= Junior Dagar Brothers =

Pair of Indian singers of the classical dhrupad genre (1900s)

The Junior Dagar Brothers were Nasir Zahiruddin (1933–1994) and Nasir Faiyazuddin (1934–1989), a pair of Indian singers of the classical dhrupad genre. They were the 19th generation of an unbroken chain of the Dagar vani Dhrupad tradition. Their father, vocalist Nasiruddin Khan, died in 1936, and consequently they learned dhrupad from their elder brothers, the Senior Dagar Brothers, Nasir Moinuddin Dagar and Nasir Aminuddin Dagar.

The brothers were born in Indore, Madhya Pradesh. Their musical career unfolded in Delhi. After the untimely demise of Nasir Moinuddin Dagar in Calcutta in 1967 they became the only pair carrying on the jugalbandi singing. The Dagar Brothers took Dhrupad to Europe, America and Japan. In India they formed the Dhrupad Society to popularise Dhrupad, inviting exponents from all gharanas to share their platform. They also trained many students, including Faiyaz Wasifuddin Dagar, the son of Nasir Faiyazuddin Dagar.

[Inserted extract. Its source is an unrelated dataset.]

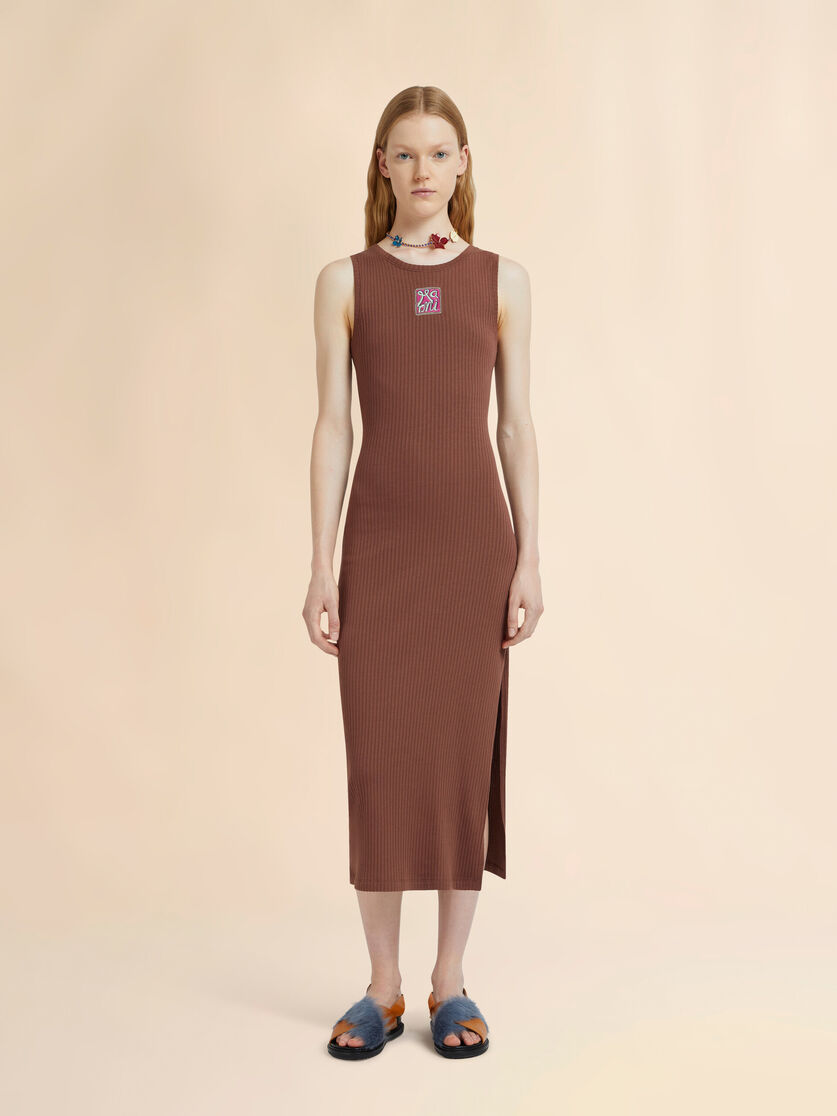 WOMEN - Robe midi en coton marron avec logo Frame - Marni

In May 2023, Wasifuddin Dagar claimed that the song "Veera Raja Veera" Ponniyin Selvan: II (2023) with music by A.R. Rehman had been adapted from a 1978 Dhrupad composition by the Junior Dagar Brothers without attribution. The Supreme Court in its judgment in February 2026 gave the direction to add the following line in the song credits: “Composition inspired from the Dagarwani tradition Dhrupad, first recorded as Shiv Stuti by late Ustad Nasir Faiyazuddin Dagar and Ustad Nasir Zahiruddin Dagar, popularly known as Junior Dagar brothers."